Kudos to Comcast (CMCSA 2.68%), and congratulations to shareholders. The company handily topped its fiscal 2021 first-quarter revenue and earnings estimates of $26.7 billion and $0.59 per share, respectively, reporting sales of $27.2 billion and a per-share profit of $0.76. And share prices jumped 4% in response to Thursday morning's news. The stock's still below its March peak, but it continues to justify its 75% run-up from last March's low.

There's more to this highly diversified media company than one quarter's top and bottom lines, of course. Here's a closer look at three Q1 data nuggets that speak volumes about where Comcast is going and why it remains a buy.

1. $5.6 billion in broadband revenue

It's no secret that the cable television business is dying while the broadband (high-speed internet) market is growing. Comcast, however, is officially at the tipping point. Its first-quarter broadband revenue grew 12% to $5.6 billion, finally catching up with its challenged cable television business.

A hand holds up three fingers with a television in the background

Image source: Getty Images.

Comcast's cable service Xfinity lost another 491,000 cable customers last quarter, producing revenue of $5.62 billion, down slightly from the year-ago comp of $5.63 billion. Given both businesses' current trajectories, broadband will not only be bigger than cable TV a quarter from now, but it will then be Comcast's single biggest business segment.

That's not to suggest the company is simply going to give up altogether on cable television here -- it's still an important piece of the revenue mix. But in this light, the apparent disinterest in winning over and then retaining cable television customers certainly makes sense. High-speed internet is a considerably more profitable business than cable television is, and increasingly so.

2. 42 million Peacock signups

As of its latest headcount, Comcast says 42 million people have signed up for its nascent on-demand streaming service Peacock. That's up from 33 million a quarter earlier.

Comcast doesn't offer other key Peacock metrics in its quarterly reports, like revenue or EBITDA. It also doesn't disclose Peacock's engagement statistics, like the number of consumers regularly using the on-demand service, or how much they're watching when they do. Nevertheless, another 9 million people expressed some degree of new interest in Peacock over the course of the prior three months, with some prompted by access to new WWE programming and reruns of the hit sitcom The Office.

Macquarie Research's analysts expect Peacock's revenue to reach just a little less than $2 billion by 2024 when its user base is expected to reach just over 51 million people. Given the growth trend and the known fact that Peacock generated $118 million in revenue in 2020 just after launching mid-year though, Macquarie may be underestimating the ad-supported video streaming brand.

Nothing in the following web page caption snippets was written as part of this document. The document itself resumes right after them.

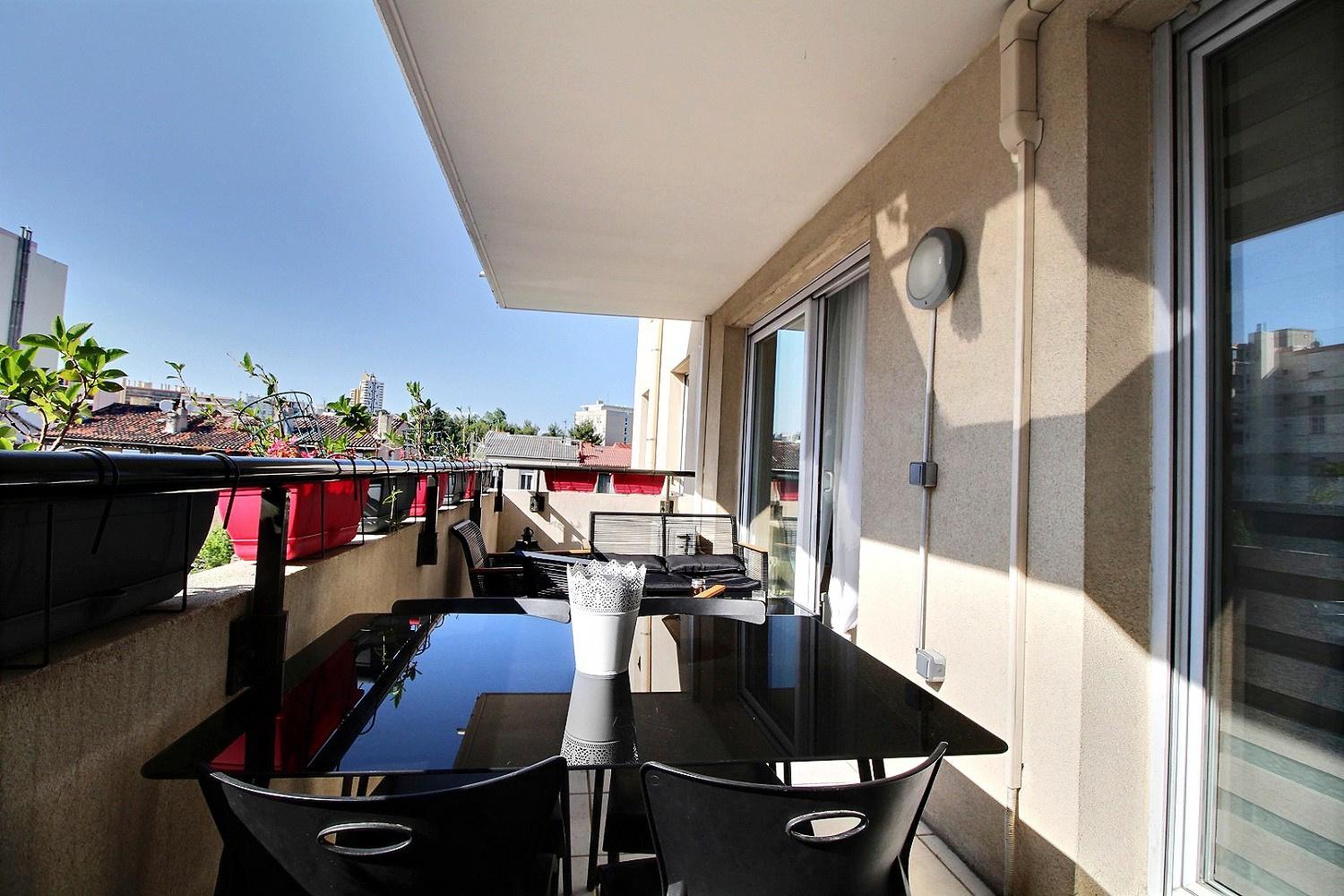 Appartement T3 à vendre à Marseille – photo 3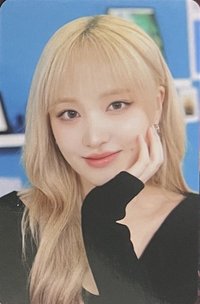 24’FM MAGAZINE IVE 隨機卡 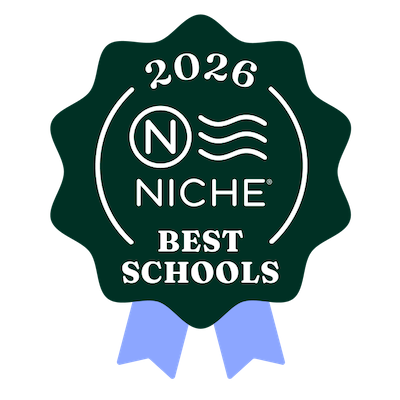 2026 Best Schools from Niche Award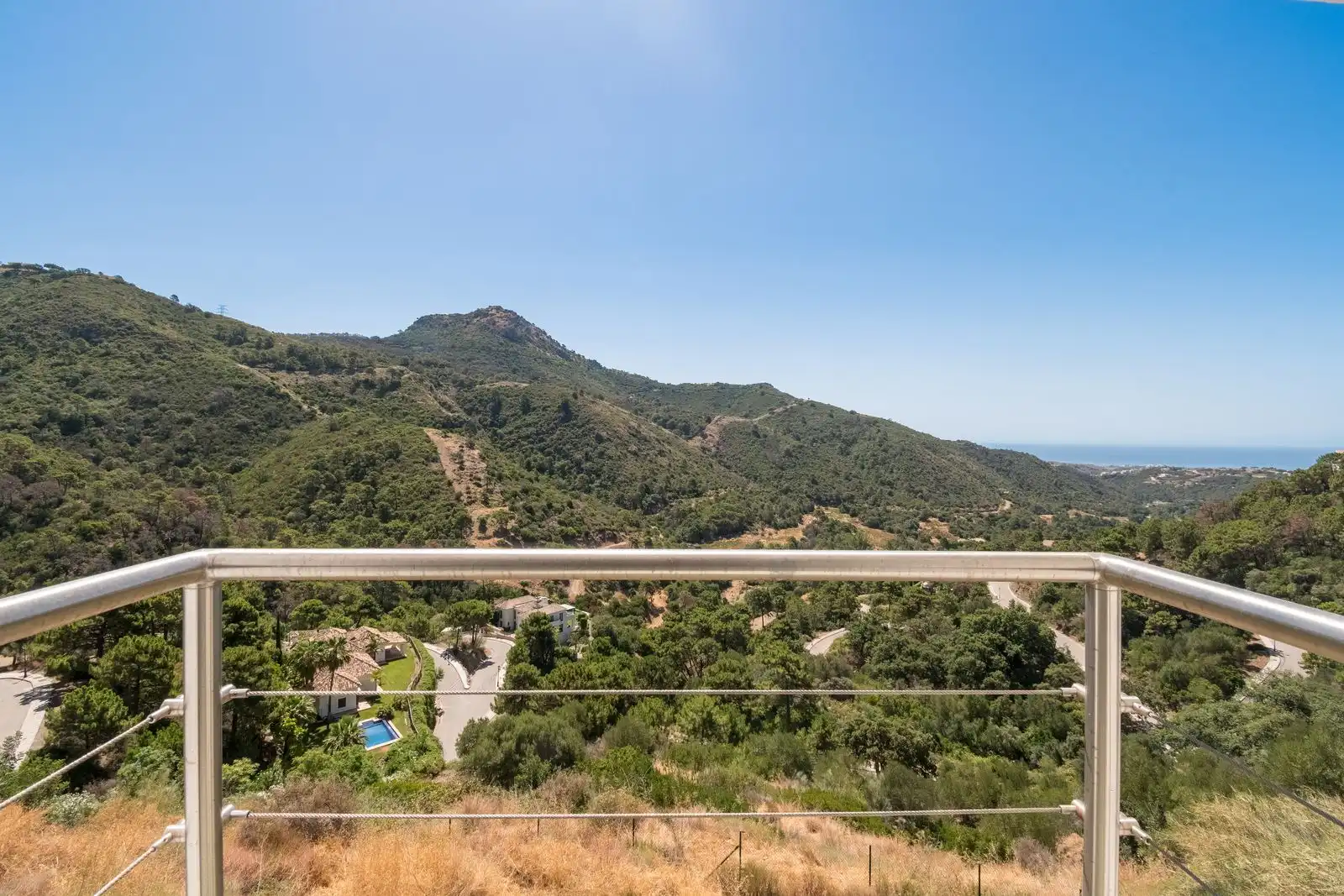 Villa mit Pool zum Verkauf in Camino a Monte Mayor 2, imagen 26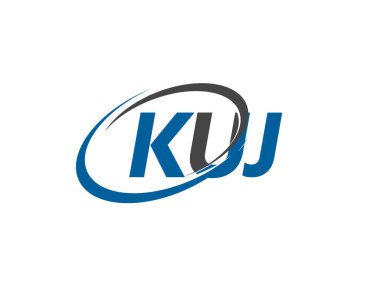 kuj yaratıcı logo tasarımı vektör çizimi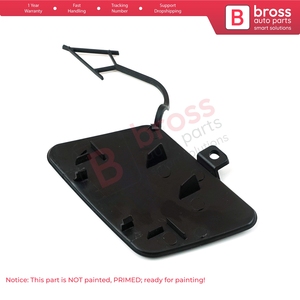 Cubierta de Gancho de Remolque para Parachoques Delantero BSP1024 3G0807155 para Passat B8 2014-2019 - Product Image 3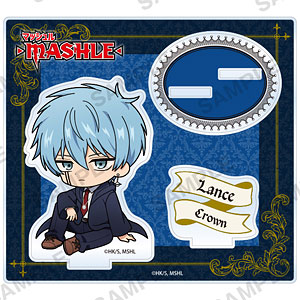 マッシュル　MASHLE キービジュアル　ジオラマ　アクリルスタンド マッシュル MASHLE キービジュアル ジオラマ アクリルスタンド
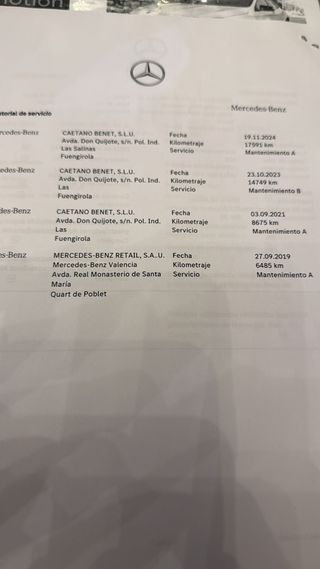 Mercedes-Benz GLC 350 E CUATRO MATIC HIBRIDOE 2018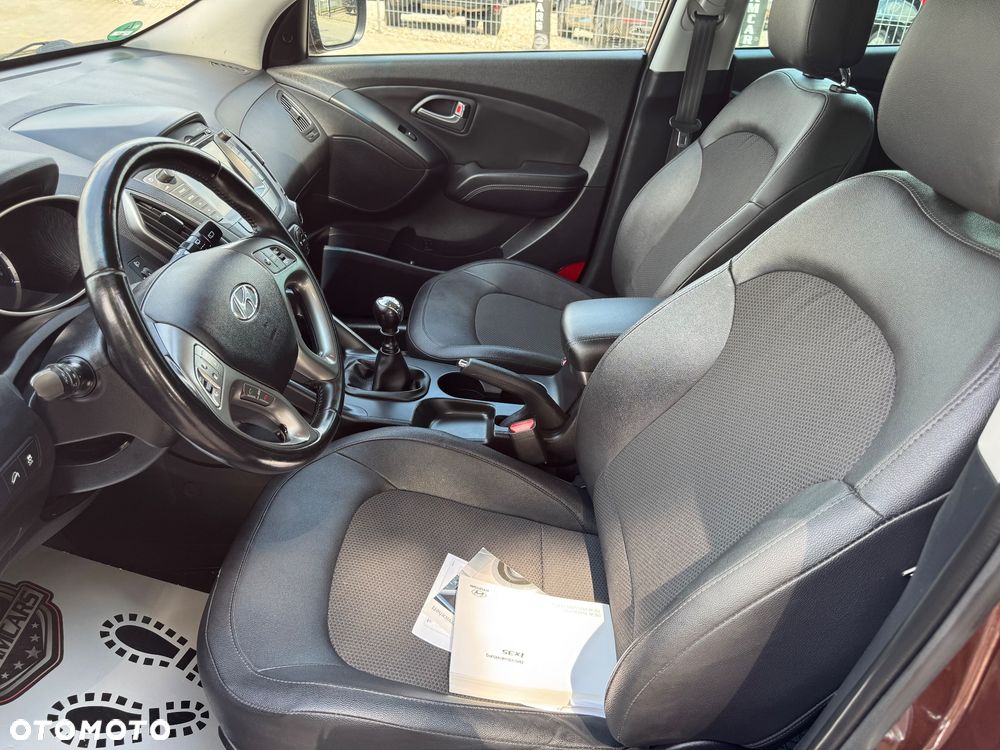 Hyundai ix35 - 33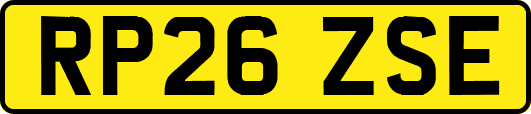 RP26ZSE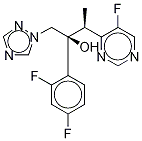 Voriconazole CAS#: 137330-52-0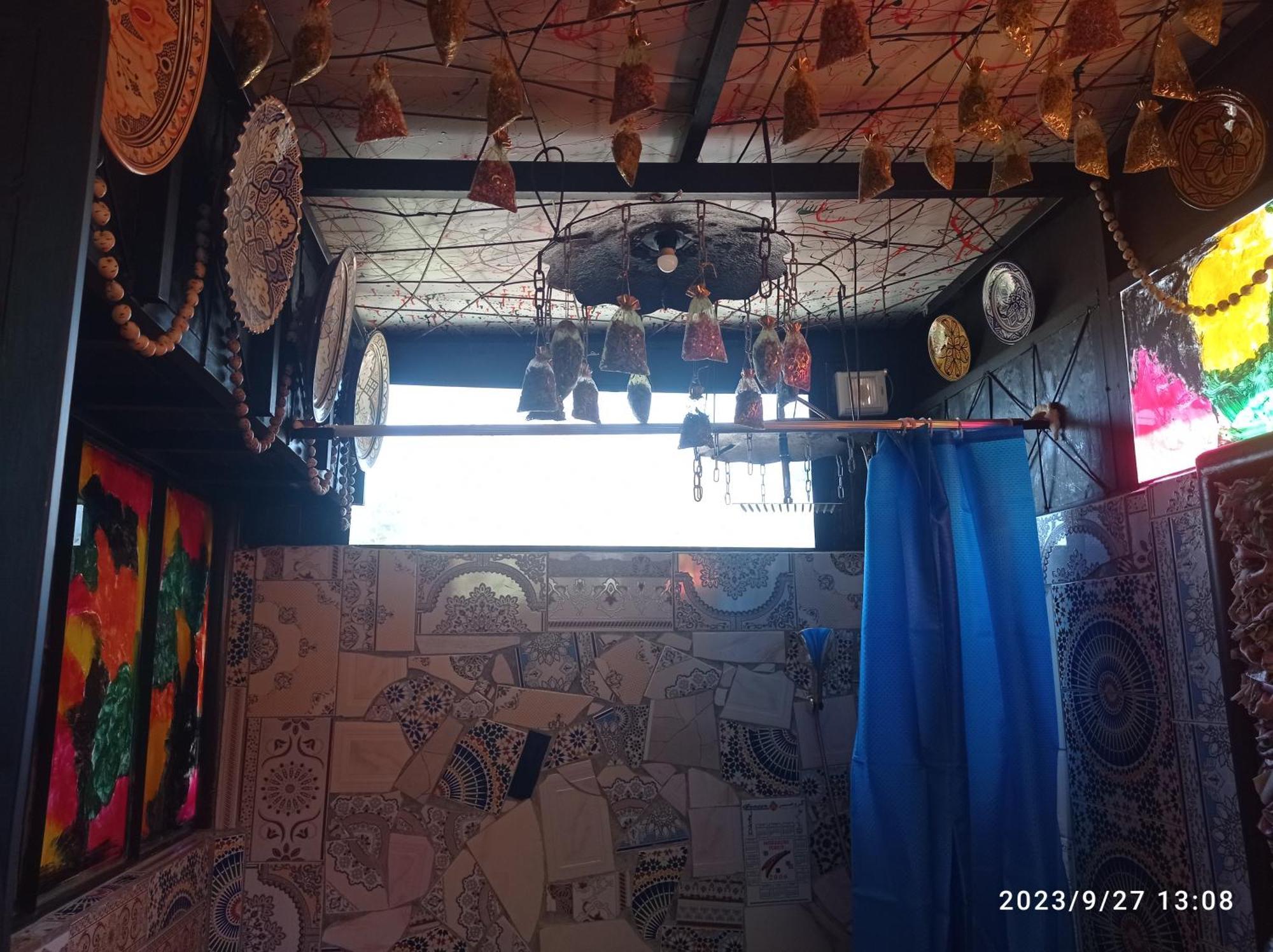 Maison D'Hotes Ait Bou Izryane Timoulilt Exterior foto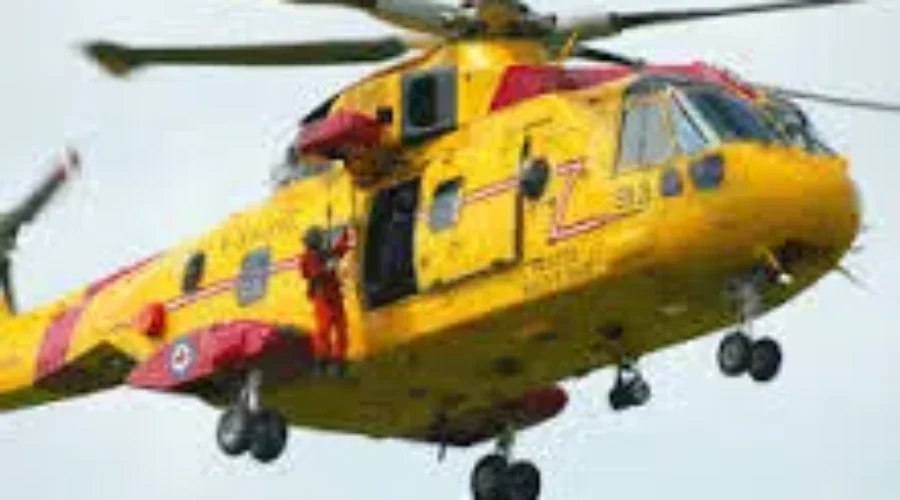 JRCC Responds To A Number Of Calls For Assistance From Fishing Vessels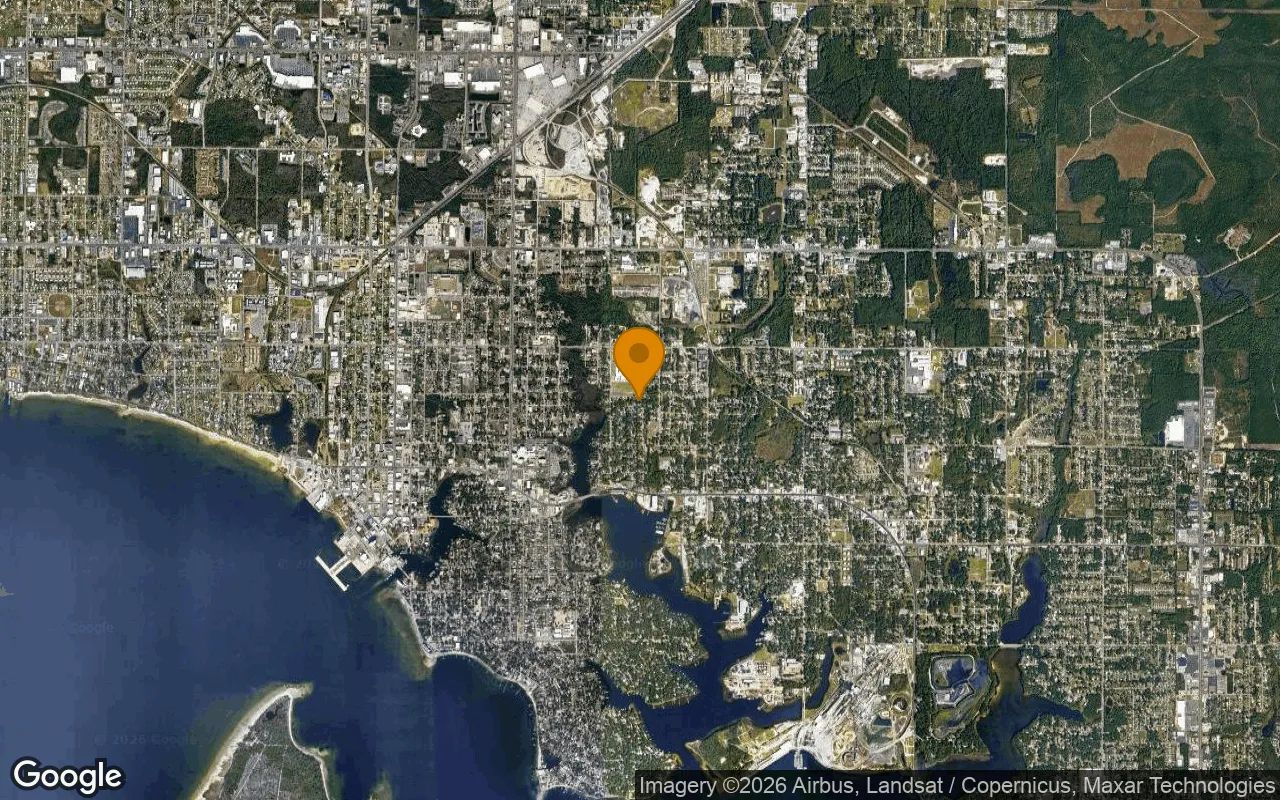 0.55 Acres in Panama City - Bay County, FL in Bay County, FL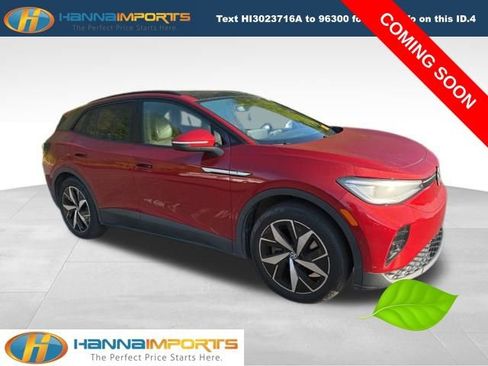 Used 2023 Volkswagen ID.4 S image 1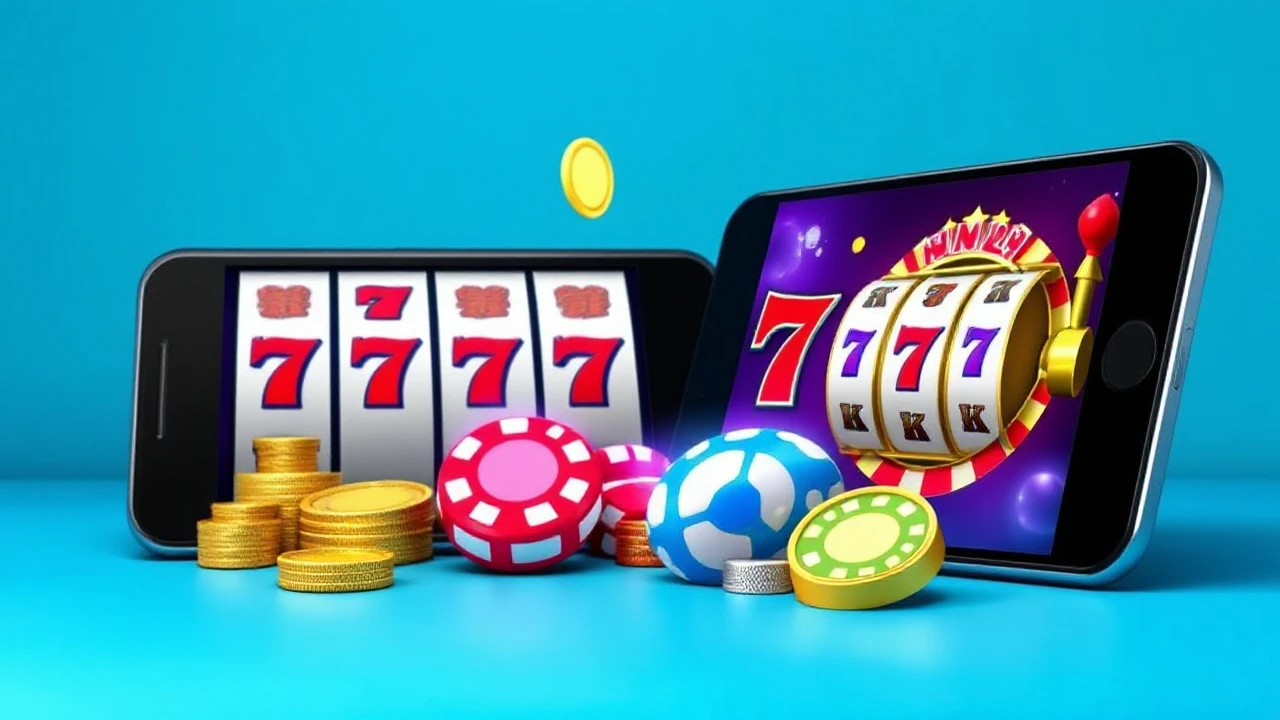The Impact of Smartphone Play on Online Casino Slots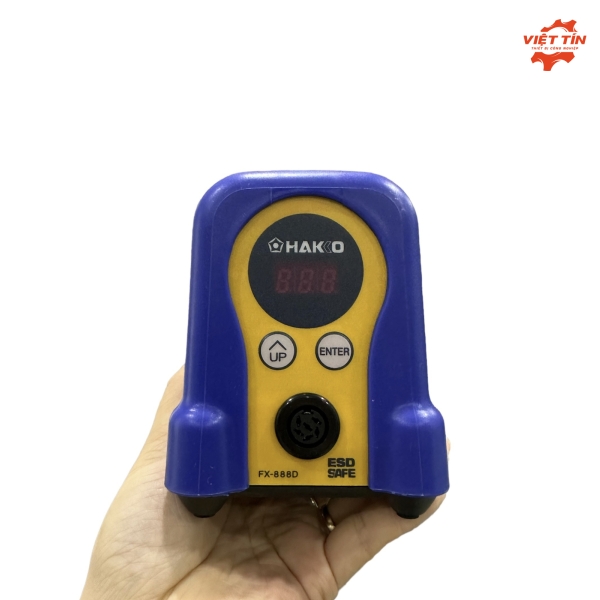Máy hàn thiếc FX-888D HAKKO
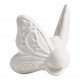 Ceramic Butterfly Wine Glass Decoration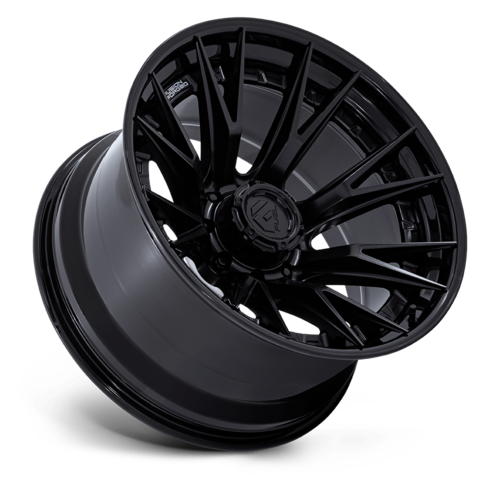 CATALYST 20X9 8X180 124 +1 M-BLK G-BLK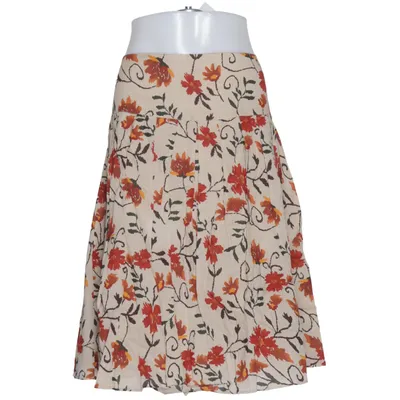 Rok (Beige, Rood, Meerkleurig) van Outfit Katoen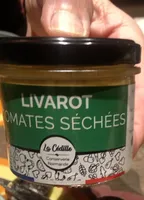 Livarot tomates séchées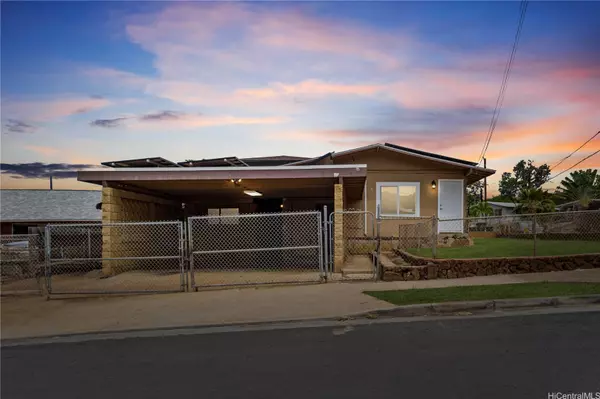 Waianae, HI 96792,86-901 Moekahi ST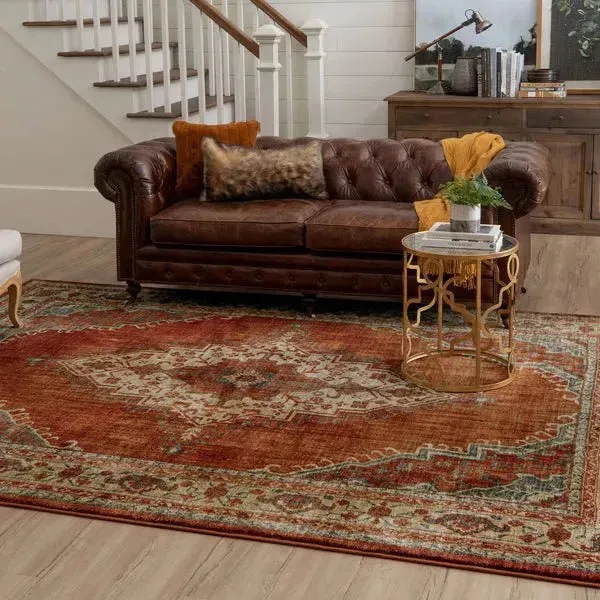 Spice Market 90935 20044 Vasco Spice Rug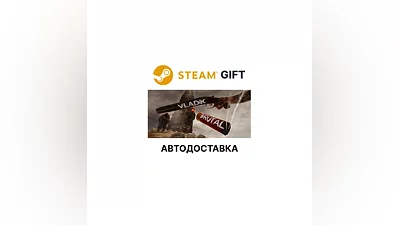 VLADiK BRUTAL Steam GIFT Выбор Региона АВТО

Stacked wooden blocks, in descending order from 3 to 2 to 1.

Image source: Getty Images.

3. Sky's revenue grows nearly 11%

Finally, many investors may not realize it, but Comcast also owns U.K.-based cable and broadband brand Sky. The division also licenses content and sells advertising, for the record, but these account for less than one-fifth of its total business.

It's no small side project either. At just a little less than $5 billion worth of revenue last quarter, Sky is one of the company's bigger divisions, easily topping its film revenue and at least matching its TV media business. Comcast drove a total of $27.2 billion worth of revenue last quarter, for perspective.

That's not the curious part, however. Most noteworthy about Sky's quarter is the year-over-year revenue growth of 10.6%, mostly driven by growth in the sheer number of customers on board. It's the third straight quarter Sky has produced year-over-year revenue growth.

Bottom line

There's more to the story, obviously. Wireless phone service, theme parks, and a major television network are part of the mix.

But there's not a whole lot more to the relevant story right now. The aforementioned businesses are either the company's biggest ones, or its most important growth engines, or a combination of both. Despite clear and present challenges on the traditional television front, Comcast is responding the right way in a big way.